Die Bürger mit türkischen Migrationshintergrund akzeptieren bereits die Konsequenzen der Zugehörigkeit zur Bürgerschaft, weil sie die Gerichte akzeptieren. Selbst Straftäter bekennen sich schuldig oder nicht-schuldig vor deutschen Gerichten. Das Rechtsbewußtsein ist bereits mit dem Grundgesetz und dem BGB im Einklang, wenn sie auf schuldig oder nicht-schuldig plädieren. Wenn das nicht so wäre, würden sie verlangen mit einem anderen Gesetzbuch beurteilt zu werden. In der Mehrzahl der Fälle bekunden sie die Akzeptanz des hiesigen Rechtes.
Eine Reihe von Staaten führte die Doppelte Staatsbürgerschaft ein. Aus Handelsgesichtspunkten ist es sehr interessant polyglotte Bürger bei den wichtigsten Export- und Import-Staaten zu haben, weil es im Welthandel für Markteffizienz an Infrastruktur fehlt, so dass Händler vor Ort die Transaktion moderieren müssen. Träger doppelter Staatsbürgerschaften eignen sich dazu.

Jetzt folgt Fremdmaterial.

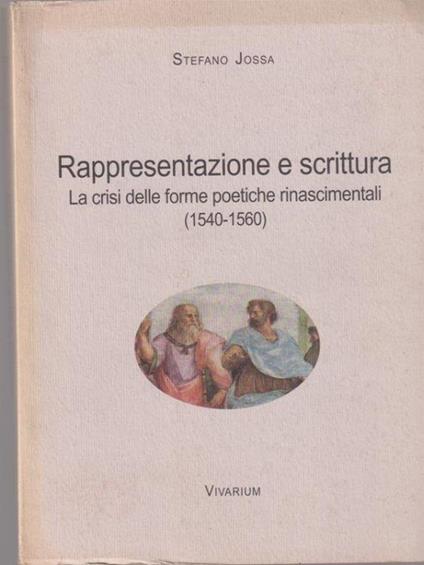 Rappresentazione e scrittura: la crisi delle forme poetiche rinascimentali 1540-1560 - Stefano Jossa - copertina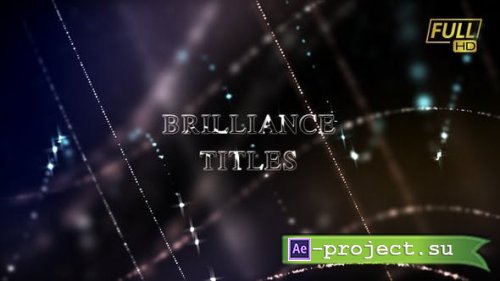 Videohive: Brilliance Titles | Awards Titles 25115854 - Project for After Effects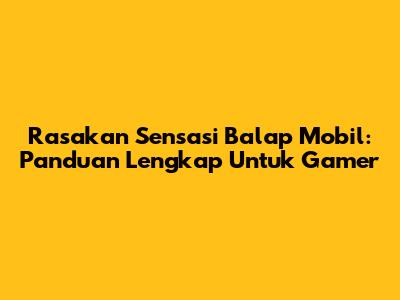 Rasakan Sensasi Balap Mobil: Panduan Lengkap Untuk Gamer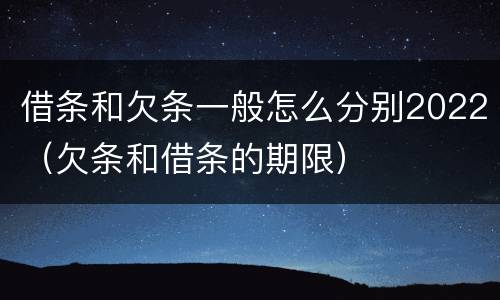 借条和欠条一般怎么分别2022（欠条和借条的期限）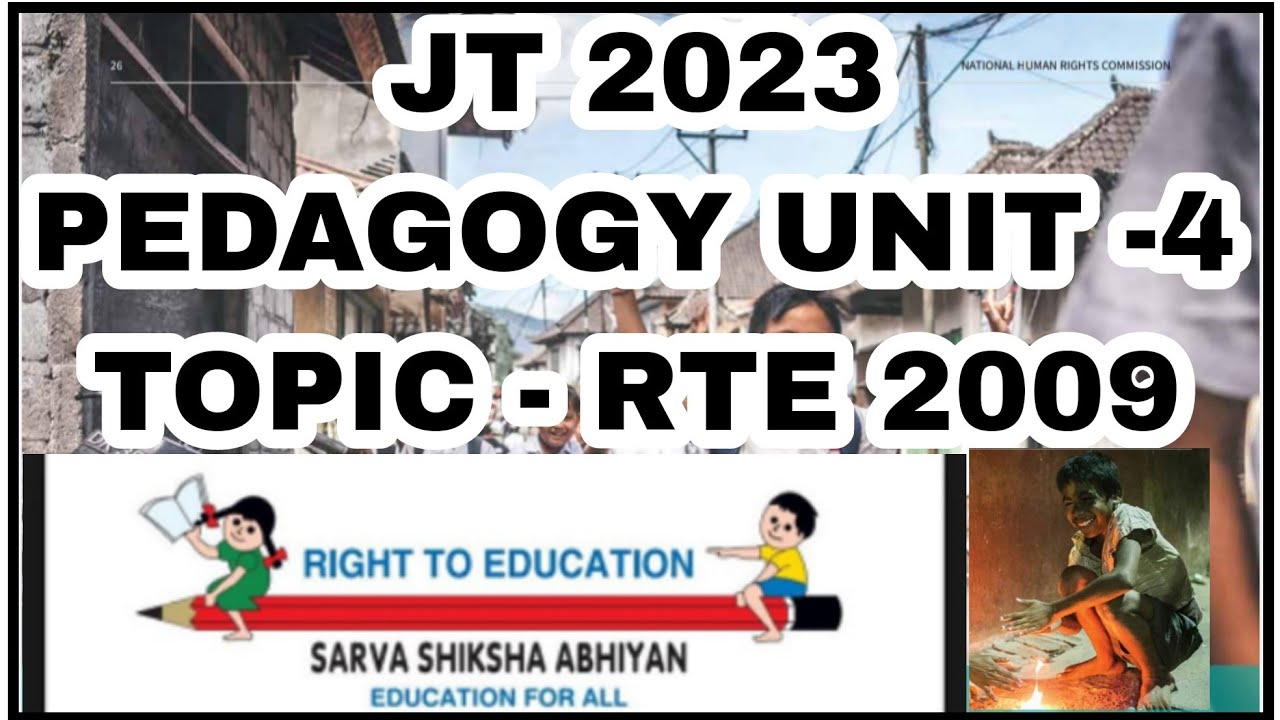 RTE 2009 Right of children to free and compulsory education - jt preparation 2023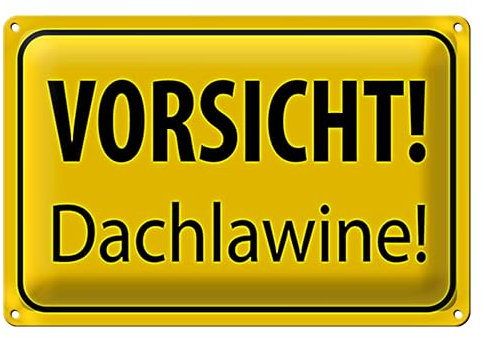 VORSICHT! Dachlawine! | Warnschild | Wetterfest | 20x30 cm | 20 cm x 30 cm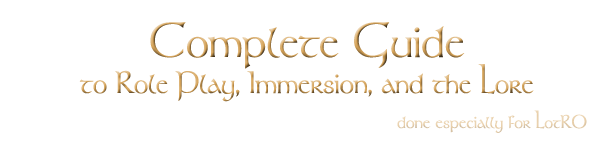 For the complete guide to role play, immersion, and the lore of LotRO, click here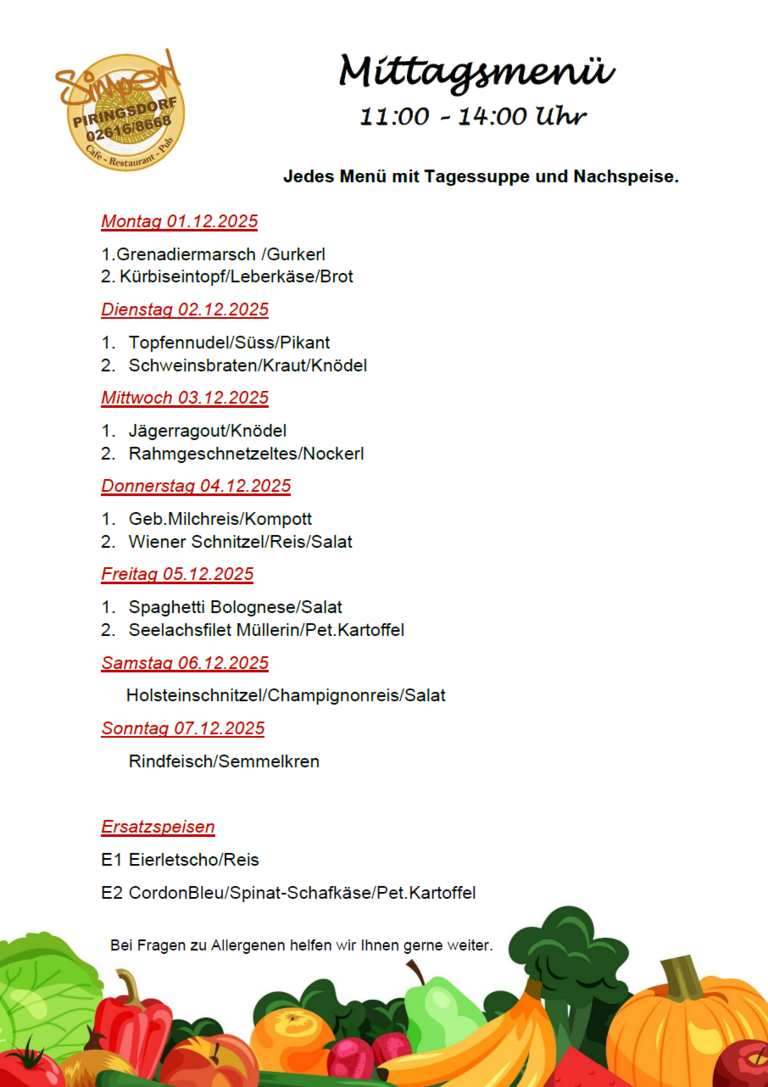 Mittagsmenü KW 49 vom Restaurant Simperl in Piringsdorf – täglich zwei Hauptgerichte zur Auswahl mit Suppe und Nachspeise.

Aus der Perspektive der Zuwanderer ist das Thema doppelte Staatsbürgerschaft eher Gift, weil die Bürgerrechte in den Herkunftsstaaten oft Wehrpflicht und Steuern mit sich bringen.
Es wäre viel besser für die Zuwanderer das Thema als Einschub zwischen den Menschenrechten und den nationalen Bürgerrechten zu debatieren, wie wir es bereits in der EU-Bürgerschaft und dem Commonwealth Citizenship haben.
Die Debatte zur doppelten und Mehrfach Staatsbürgerschaft ist anachronistisch in der Globalisierung. Wir brauchen eine Harmonisierung mit einer transnationalen Bürgerschaft, zu der alle wichtigen OECD Staaten Zugang haben. Die zunehmende Dichte grenzüberschreitender Interaktionen bei Medien, Ökonomie, Karrieren und Politik braucht auch einen Rechtsrahmen.